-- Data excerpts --
*** Block opens ***

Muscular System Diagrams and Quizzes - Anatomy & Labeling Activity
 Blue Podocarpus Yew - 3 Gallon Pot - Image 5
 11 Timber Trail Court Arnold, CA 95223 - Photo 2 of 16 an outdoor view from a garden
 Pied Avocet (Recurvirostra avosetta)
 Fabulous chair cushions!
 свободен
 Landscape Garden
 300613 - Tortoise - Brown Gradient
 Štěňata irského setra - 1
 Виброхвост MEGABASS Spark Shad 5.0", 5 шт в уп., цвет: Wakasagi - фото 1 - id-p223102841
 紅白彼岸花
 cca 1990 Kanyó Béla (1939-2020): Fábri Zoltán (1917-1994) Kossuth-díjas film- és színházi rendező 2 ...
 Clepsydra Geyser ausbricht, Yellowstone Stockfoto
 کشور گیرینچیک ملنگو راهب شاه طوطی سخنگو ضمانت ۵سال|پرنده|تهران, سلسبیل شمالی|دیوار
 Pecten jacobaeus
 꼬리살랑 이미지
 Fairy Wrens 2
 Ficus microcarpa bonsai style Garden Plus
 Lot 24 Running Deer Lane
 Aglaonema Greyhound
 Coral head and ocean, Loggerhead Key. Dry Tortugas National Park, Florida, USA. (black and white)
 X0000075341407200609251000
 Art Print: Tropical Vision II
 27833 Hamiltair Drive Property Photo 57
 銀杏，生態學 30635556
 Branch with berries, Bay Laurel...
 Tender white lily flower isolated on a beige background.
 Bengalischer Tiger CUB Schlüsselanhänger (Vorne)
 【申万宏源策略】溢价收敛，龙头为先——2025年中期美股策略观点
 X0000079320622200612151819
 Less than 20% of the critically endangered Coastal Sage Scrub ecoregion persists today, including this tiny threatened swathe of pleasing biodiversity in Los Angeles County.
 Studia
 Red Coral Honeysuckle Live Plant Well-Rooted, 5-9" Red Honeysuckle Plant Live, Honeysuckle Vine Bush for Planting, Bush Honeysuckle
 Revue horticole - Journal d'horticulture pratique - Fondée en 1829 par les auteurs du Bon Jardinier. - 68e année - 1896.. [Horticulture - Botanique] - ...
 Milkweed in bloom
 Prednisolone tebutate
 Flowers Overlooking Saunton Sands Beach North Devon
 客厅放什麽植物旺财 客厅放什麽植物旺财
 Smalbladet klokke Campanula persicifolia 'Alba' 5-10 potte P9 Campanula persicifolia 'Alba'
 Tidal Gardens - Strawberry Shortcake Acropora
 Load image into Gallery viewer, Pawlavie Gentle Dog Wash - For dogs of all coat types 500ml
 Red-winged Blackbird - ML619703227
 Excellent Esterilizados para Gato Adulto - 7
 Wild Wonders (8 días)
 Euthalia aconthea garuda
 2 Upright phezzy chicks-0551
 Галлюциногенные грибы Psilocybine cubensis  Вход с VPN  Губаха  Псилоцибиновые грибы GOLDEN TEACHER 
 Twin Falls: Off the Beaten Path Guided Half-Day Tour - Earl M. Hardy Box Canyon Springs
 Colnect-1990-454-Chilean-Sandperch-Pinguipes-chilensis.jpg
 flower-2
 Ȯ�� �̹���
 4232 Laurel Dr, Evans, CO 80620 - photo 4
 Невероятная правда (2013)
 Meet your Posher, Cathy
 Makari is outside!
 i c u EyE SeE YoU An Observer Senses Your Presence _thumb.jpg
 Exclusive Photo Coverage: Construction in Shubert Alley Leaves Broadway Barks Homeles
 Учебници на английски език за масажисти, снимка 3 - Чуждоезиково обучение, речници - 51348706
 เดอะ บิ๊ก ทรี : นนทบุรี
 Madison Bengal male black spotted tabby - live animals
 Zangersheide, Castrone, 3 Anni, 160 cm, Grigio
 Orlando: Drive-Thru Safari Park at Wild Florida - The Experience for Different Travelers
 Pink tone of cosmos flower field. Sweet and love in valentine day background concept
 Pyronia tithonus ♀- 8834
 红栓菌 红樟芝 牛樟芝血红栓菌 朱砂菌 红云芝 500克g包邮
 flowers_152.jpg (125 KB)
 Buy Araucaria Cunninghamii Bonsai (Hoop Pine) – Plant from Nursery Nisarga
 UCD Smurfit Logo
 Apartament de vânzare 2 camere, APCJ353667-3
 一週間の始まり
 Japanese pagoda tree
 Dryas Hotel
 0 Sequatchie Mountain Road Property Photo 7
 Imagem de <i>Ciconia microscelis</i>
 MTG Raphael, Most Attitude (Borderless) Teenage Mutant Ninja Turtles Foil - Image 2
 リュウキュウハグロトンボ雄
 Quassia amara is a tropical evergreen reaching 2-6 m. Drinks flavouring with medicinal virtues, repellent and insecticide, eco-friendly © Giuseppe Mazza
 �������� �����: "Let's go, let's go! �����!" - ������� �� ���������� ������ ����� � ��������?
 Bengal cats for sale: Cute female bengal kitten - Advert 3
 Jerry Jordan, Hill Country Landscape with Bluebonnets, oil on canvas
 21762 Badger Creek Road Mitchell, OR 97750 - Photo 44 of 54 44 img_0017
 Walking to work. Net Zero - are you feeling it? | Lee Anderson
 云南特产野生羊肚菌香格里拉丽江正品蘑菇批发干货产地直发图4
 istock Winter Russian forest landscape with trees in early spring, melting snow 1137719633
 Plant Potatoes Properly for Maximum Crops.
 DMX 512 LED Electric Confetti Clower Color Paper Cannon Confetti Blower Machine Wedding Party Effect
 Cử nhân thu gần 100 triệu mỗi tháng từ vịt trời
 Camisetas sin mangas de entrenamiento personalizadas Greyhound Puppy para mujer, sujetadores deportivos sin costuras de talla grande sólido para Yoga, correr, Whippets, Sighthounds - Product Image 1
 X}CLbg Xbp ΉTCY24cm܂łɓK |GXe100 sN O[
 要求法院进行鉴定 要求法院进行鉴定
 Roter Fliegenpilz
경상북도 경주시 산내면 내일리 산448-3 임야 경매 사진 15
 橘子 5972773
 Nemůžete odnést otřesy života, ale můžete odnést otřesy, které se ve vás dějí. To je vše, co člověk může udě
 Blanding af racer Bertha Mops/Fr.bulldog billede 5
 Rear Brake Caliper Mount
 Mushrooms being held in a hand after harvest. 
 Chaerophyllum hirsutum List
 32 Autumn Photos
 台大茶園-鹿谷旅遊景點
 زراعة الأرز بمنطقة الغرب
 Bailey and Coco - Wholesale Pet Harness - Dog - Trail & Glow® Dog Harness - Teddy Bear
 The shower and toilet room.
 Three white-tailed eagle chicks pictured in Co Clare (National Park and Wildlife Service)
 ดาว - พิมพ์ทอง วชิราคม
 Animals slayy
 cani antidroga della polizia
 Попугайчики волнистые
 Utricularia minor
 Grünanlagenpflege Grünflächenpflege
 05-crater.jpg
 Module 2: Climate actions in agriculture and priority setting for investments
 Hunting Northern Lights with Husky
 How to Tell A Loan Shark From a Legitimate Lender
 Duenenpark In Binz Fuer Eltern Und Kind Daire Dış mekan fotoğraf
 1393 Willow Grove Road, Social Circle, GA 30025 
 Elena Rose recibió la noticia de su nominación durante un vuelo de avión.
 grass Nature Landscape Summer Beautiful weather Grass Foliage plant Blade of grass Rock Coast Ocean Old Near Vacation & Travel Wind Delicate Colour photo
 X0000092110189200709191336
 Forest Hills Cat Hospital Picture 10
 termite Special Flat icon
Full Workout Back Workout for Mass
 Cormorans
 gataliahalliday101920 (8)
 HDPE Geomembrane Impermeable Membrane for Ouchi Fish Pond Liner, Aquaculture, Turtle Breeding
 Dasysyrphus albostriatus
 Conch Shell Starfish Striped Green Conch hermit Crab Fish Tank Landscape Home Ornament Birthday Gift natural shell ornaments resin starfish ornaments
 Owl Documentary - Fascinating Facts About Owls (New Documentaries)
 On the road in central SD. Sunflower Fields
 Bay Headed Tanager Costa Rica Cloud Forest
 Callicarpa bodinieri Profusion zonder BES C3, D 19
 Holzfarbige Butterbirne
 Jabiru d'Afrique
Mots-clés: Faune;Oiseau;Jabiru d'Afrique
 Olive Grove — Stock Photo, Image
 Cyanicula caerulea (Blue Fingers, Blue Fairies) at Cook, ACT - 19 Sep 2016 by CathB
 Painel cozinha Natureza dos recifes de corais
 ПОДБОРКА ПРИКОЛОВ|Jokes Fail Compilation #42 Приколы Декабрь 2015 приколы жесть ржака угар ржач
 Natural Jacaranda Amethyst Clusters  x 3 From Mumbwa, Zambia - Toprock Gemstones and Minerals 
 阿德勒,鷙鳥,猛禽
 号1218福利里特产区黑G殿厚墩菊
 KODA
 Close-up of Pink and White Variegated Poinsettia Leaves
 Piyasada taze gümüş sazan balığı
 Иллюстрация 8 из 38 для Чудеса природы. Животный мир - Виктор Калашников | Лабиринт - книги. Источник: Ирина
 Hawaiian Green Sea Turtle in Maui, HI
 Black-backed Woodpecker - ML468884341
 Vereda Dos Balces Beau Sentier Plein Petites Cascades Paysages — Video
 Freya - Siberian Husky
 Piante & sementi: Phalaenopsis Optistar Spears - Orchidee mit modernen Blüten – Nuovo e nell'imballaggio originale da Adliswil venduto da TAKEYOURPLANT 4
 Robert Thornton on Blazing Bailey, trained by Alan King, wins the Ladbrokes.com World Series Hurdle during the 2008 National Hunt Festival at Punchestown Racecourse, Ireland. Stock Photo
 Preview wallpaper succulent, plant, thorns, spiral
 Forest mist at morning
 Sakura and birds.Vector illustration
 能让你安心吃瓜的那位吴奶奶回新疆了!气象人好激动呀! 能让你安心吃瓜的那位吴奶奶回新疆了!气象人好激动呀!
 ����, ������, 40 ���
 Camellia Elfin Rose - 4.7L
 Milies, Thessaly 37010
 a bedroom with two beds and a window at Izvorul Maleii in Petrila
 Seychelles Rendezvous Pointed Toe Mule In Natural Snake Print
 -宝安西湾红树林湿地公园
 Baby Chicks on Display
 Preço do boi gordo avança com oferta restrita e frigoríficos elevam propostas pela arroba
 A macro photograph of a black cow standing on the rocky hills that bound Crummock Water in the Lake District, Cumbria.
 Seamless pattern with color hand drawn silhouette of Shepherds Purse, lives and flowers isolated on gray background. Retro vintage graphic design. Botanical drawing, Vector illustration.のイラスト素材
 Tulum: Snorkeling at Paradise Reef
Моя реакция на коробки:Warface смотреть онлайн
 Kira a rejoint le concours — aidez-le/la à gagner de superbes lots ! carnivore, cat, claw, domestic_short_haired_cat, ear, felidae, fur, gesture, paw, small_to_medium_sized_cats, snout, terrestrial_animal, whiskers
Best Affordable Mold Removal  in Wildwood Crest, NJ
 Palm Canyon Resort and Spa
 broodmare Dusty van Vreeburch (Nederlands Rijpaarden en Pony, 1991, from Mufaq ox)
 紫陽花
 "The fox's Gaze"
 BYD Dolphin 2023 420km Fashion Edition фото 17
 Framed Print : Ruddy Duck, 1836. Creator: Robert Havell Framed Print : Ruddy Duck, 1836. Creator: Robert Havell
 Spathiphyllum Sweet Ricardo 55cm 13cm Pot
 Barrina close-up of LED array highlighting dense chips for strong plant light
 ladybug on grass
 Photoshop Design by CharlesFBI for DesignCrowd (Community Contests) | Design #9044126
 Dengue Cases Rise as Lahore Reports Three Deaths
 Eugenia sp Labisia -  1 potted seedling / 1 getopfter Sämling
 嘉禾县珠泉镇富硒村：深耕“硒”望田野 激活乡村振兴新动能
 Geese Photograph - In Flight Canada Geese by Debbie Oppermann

*** Block closes ***

-- Try it --
Give back, word for word, only the lines above from the line holding "Makari is outside!" to the line holding "เดอะ บิ๊ก ทรี : นนทบุรี", both included.

-- Reply --
 Makari is outside!
 i c u EyE SeE YoU An Observer Senses Your Presence _thumb.jpg
 Exclusive Photo Coverage: Construction in Shubert Alley Leaves Broadway Barks Homeles
 Учебници на английски език за масажисти, снимка 3 - Чуждоезиково обучение, речници - 51348706
 เดอะ บิ๊ก ทรี : นนทบุรี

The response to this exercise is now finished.